A news release from Adecco Staffing US about its poll said that’s not what many employees say they actually have in their boss: Many bosses simply give orders and expect compliance.
Adecco said, however, that many bosses don’t see this trend in themselves, with 29% of bosses saying they are great coaches. Similarly, only 15% of bosses think their management style is “commanding,” but 23% of employees said their boss exhibited this style most. Some 88% of employees agreed that a good boss is one who is willing to roll up their sleeves and pitch in to get the job done.
In fact, 78% of bosses say they feel closer to their teams than they did three years ago, and 61% of employees agree.
“This survey clearly shows that while the Great Recession has resulted in some stronger bonds between bosses and employees, there’s still work to be done. There is still a divide that exists between what employees want and what they feel they are getting from their leaders,” said Tig Gilliam, Chief Executive Officer of Adecco Group North America, in the news release. “What this tells us is that as businesses continue to look towards economic recovery, building up their workforces post-recession, they should be mindful of the wants and needs of their talent – gut-checking both boss and employee feedback – while keeping a watchful eye on their talent with the highest potential.”
While 37% of survey respondents reported they would want Oprah as their boss, President Barack Obama came in as a close second, with 35%. Only 4% of American employees would want former CEO of BP, Tony Hayward, as their boss, while former “American Idol” judge Simon Cowell ranked only slightly better with 8%.
Meanwhile, only 30% of employees indicated they aspire to have their boss’s job. Employees who have more responsibility outside of the office – those with children 18 or under at home – are more likely to aspire to have their boss’s job (39%, compared with 23%).
While 61% of employees consider their boss a friend, a majority of employees (82%) are not connected to their boss via a traditional social network. In fact, nearly one-third (32%) of employees who are connected to their boss via a social network site wish they weren’t, and almost half (45%) of those who are connected have adjusted their privacy settings to keep certain aspects of their profile blocked from their boss.

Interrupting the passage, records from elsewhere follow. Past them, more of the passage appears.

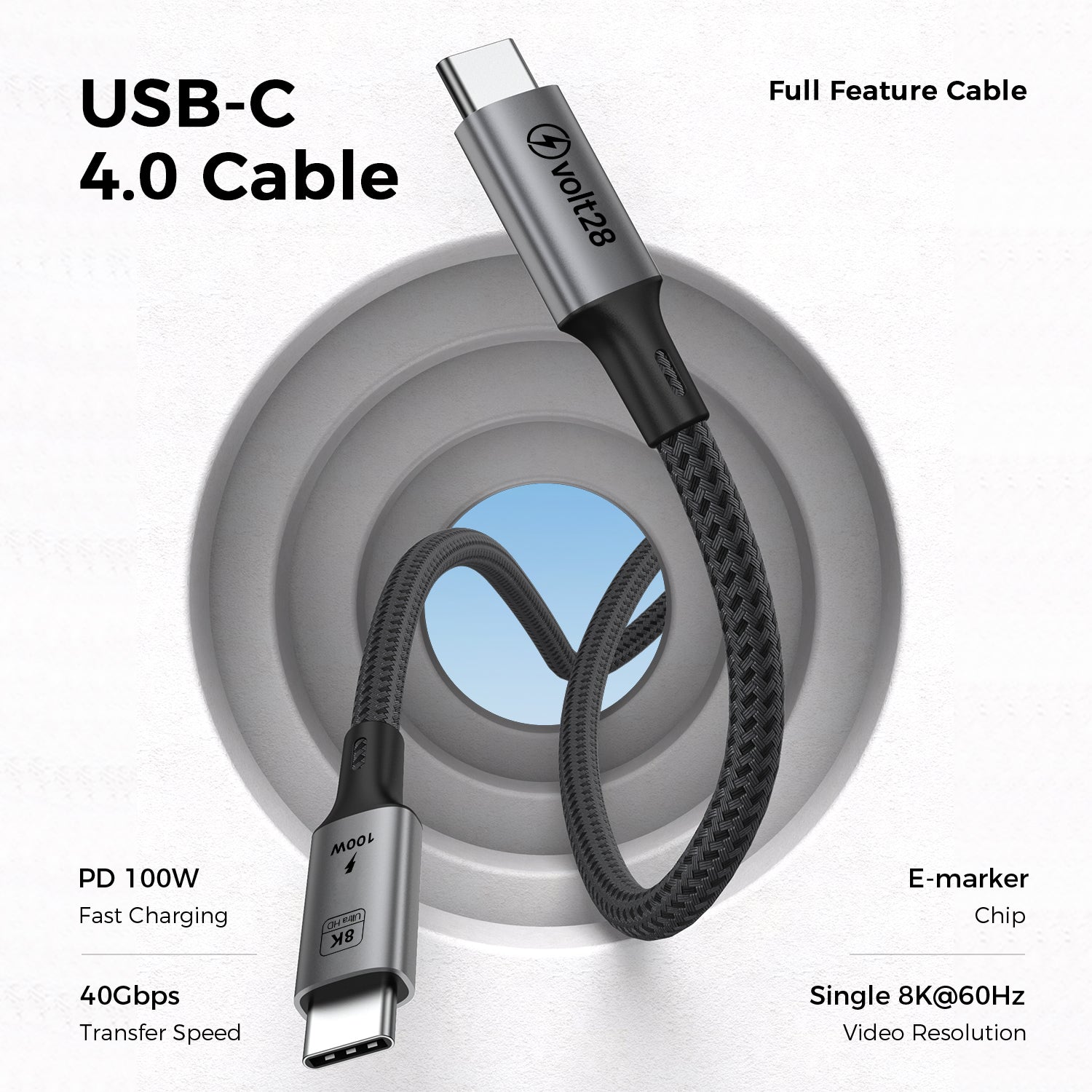 Volt28 Ultra 100W USB4.0 Cable (1.2m)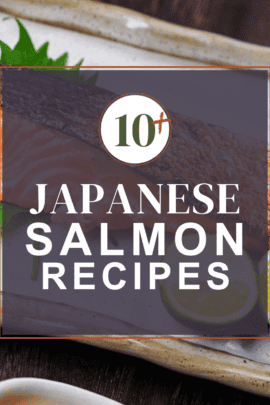 Japanese salmon recipes thumbnail with shiozake (Japanese salted breakfast salmon) in the background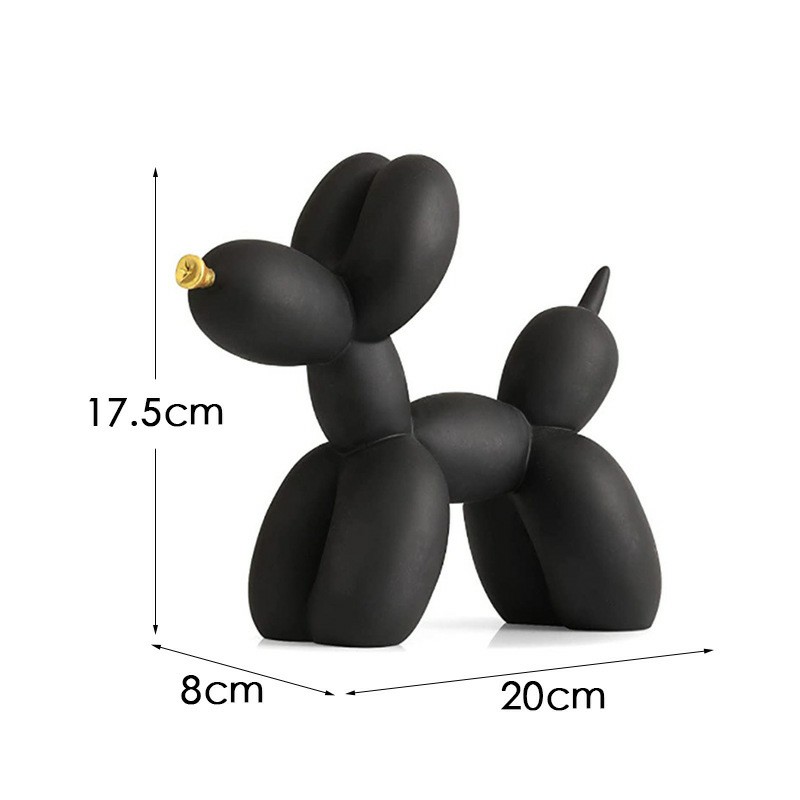 Dazzling Graffiti Balloon Dog Resin Ornament - Black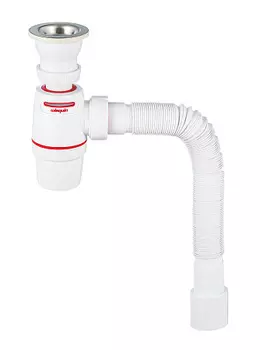 Сифон WIRQUIN NEO AIR с выпуском 1 х 40 мм и с гофротрубой L800 мм, 40х40/50 мм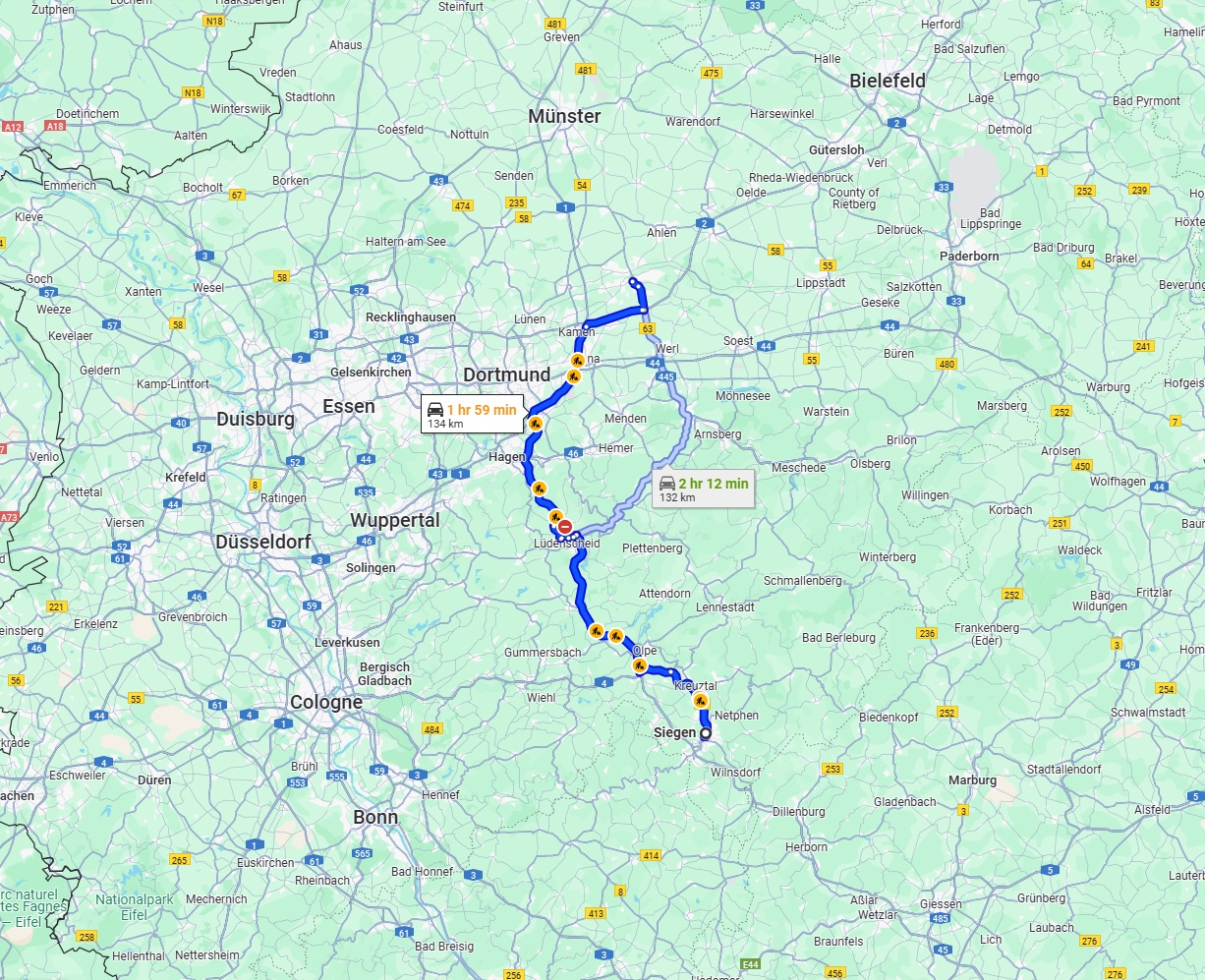 Anreise von Siegen Zu Hamm Über via A45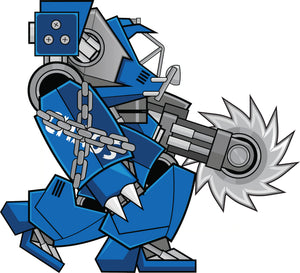 Manga Style Video Game  Battle Robot Cartoon - Blue War Spike Vinyl Decal Sticker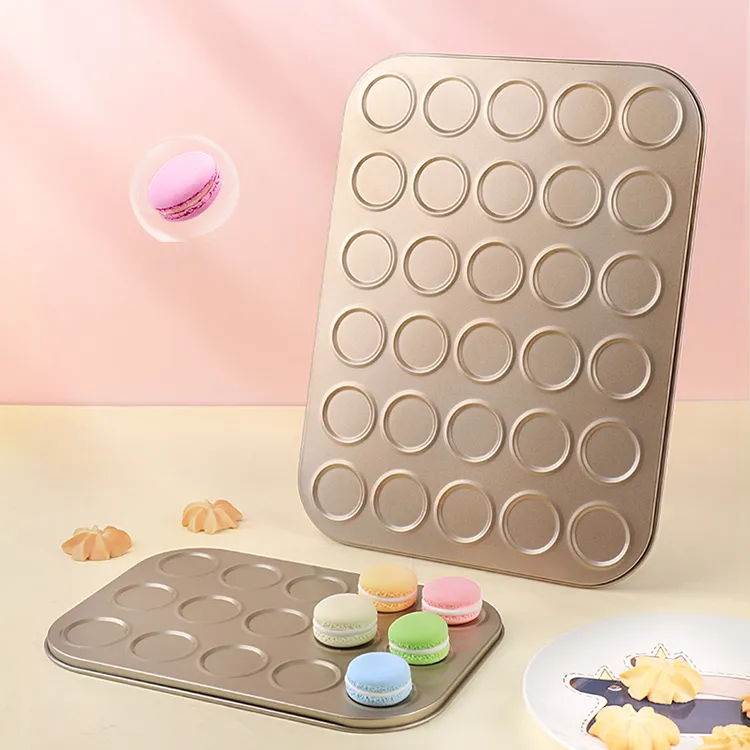 【瀚迪烘焙】马卡龙烤盘可可脆片曲奇小饼干模具30连烤箱家用圆形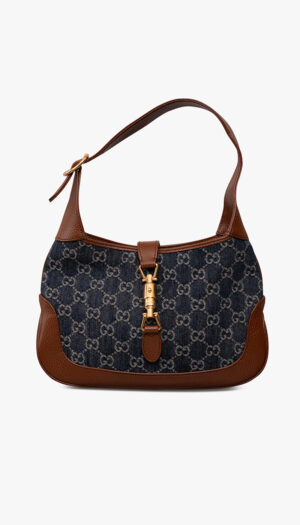 Gucci GG Denim Jackie Shoulder Bag – Monogram Canvas with Leather Trim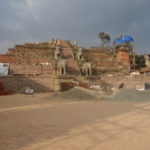 バクタプル　ダルバール広場　ファシデガ寺院跡、シヴァ神を祀るシカラ様式の寺院が建っていた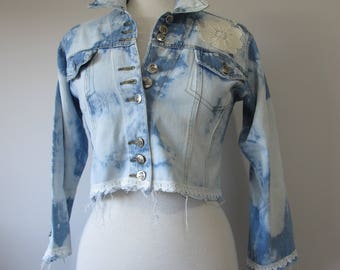 Ripped denim jacket Etsy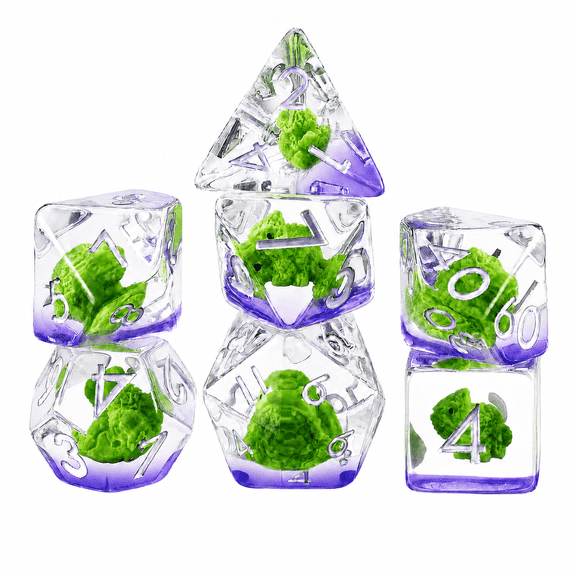 DND Dice Set 7Pcs Polyhedral Resin Dice, Green Lizard Core RPG Dice with Silver Numbers for Dungeons and Dragons Games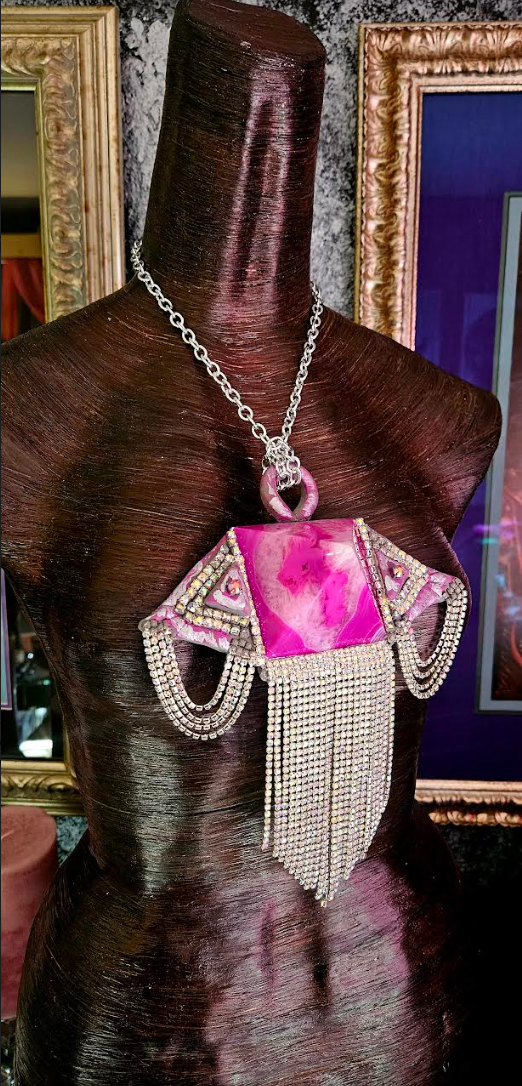 Fuchsia Agate Pyramid & Rhinestone Fringe Art Deco Gemstone Pendant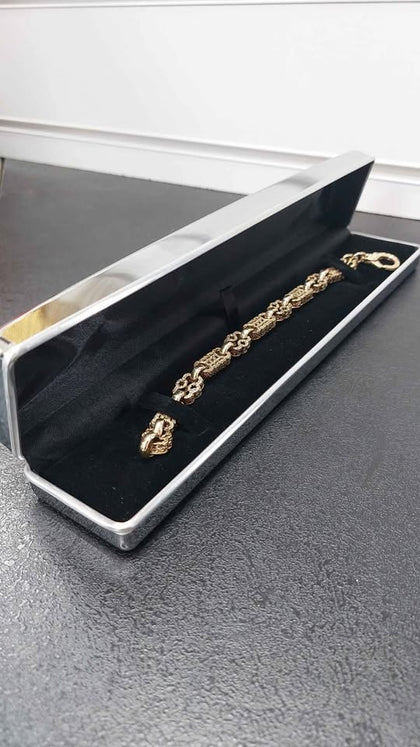 375 HALLMARKED, YELLOW GOLD, STAR AND BARS BRACELET, LOBSTER LOCK, 8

The part of their online profile employees fear their boss seeing the most is their opinions or beliefs – via comments or posts (35%). Only 27% feel this way about photos or videos online. More than one-third (35%) of men are worried about their boss seeing their photos, compared with only 20% of women. That said, half (50%) of all women connected to their bosses online are more likely to adjust their privacy settings, compared with 40% of men.
Finally, 91% of employees think their boss respects them and they respect their boss, and 86% of employees trust their boss. However, that respect may decline as bosses get younger and employees get older; nearly three out of four (73%) employees reported they could respect and work with a boss who is under 25. Fifty-six percent of employees indicated they could work with and respect a boss 20 years younger, compared with 68% who could feel this way if their boss were 10 years younger, and 83% if their boss were five years younger.
The survey covered 1,000 American employees and bosses.